Exercise goal: From the entries below, print exactly the span beginning with the line holding "Stationsrestaurant Hengelo" and ending with the line holding "Cuộc Đối Đầu Gay Gắt Chapter 108 - Trang 3", endpoints included, and skip any pictures.

Provided records:
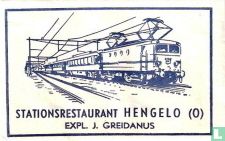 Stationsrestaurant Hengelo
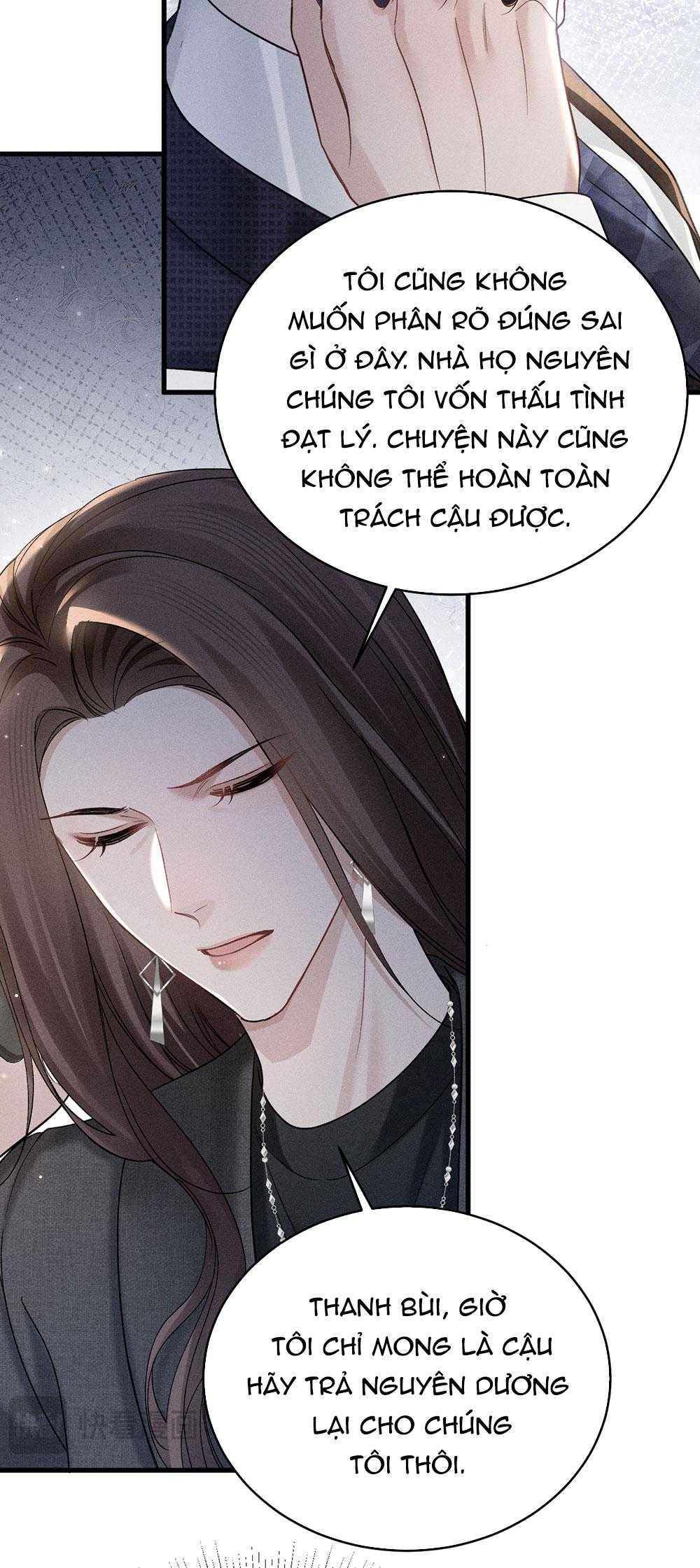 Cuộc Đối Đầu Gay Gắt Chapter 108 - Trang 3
---
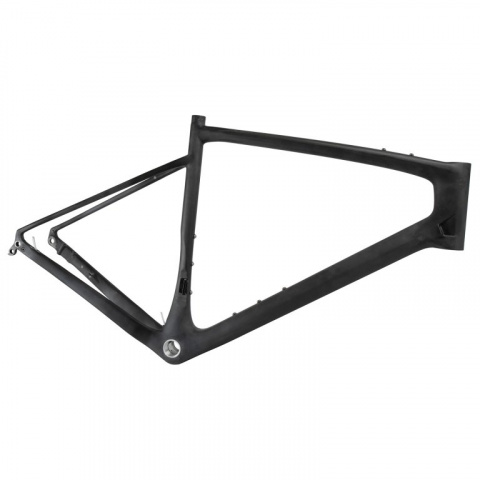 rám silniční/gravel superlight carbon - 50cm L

Expected answer:
 Stationsrestaurant Hengelo
 Cuộc Đối Đầu Gay Gắt Chapter 108 - Trang 3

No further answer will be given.